## WHAT THE TASK ASKS
The expected output is the line bearing "Refurbished Kelvinator fridge" followed by all remaining lines of the records, each restated word for word.

(TASK INPUTS Opens)

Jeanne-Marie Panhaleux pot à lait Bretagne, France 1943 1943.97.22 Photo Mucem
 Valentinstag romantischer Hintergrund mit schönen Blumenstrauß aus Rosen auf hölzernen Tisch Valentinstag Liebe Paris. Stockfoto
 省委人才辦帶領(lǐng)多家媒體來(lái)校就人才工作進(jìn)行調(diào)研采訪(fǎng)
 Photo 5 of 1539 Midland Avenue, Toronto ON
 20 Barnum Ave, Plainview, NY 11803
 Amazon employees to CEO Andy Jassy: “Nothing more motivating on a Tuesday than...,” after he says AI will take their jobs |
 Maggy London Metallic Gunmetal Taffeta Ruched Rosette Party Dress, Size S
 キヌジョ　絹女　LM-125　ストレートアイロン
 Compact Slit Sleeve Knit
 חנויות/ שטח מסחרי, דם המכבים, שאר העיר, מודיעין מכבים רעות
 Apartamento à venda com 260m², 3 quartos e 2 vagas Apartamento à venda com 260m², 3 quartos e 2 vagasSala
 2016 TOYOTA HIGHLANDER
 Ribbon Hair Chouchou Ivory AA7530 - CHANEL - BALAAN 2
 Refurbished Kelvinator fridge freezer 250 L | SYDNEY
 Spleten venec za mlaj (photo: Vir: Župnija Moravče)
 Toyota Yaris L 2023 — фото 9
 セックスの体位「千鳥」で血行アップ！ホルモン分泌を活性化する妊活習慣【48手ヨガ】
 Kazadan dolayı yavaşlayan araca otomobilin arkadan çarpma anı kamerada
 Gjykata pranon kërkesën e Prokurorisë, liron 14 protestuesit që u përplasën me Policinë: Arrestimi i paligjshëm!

(TASK INPUTS Closes)

## EXERCISE ANSWER
 Refurbished Kelvinator fridge freezer 250 L | SYDNEY
 Spleten venec za mlaj (photo: Vir: Župnija Moravče)
 Toyota Yaris L 2023 — фото 9
 セックスの体位「千鳥」で血行アップ！ホルモン分泌を活性化する妊活習慣【48手ヨガ】
 Kazadan dolayı yavaşlayan araca otomobilin arkadan çarpma anı kamerada
 Gjykata pranon kërkesën e Prokurorisë, liron 14 protestuesit që u përplasën me Policinë: Arrestimi i paligjshëm!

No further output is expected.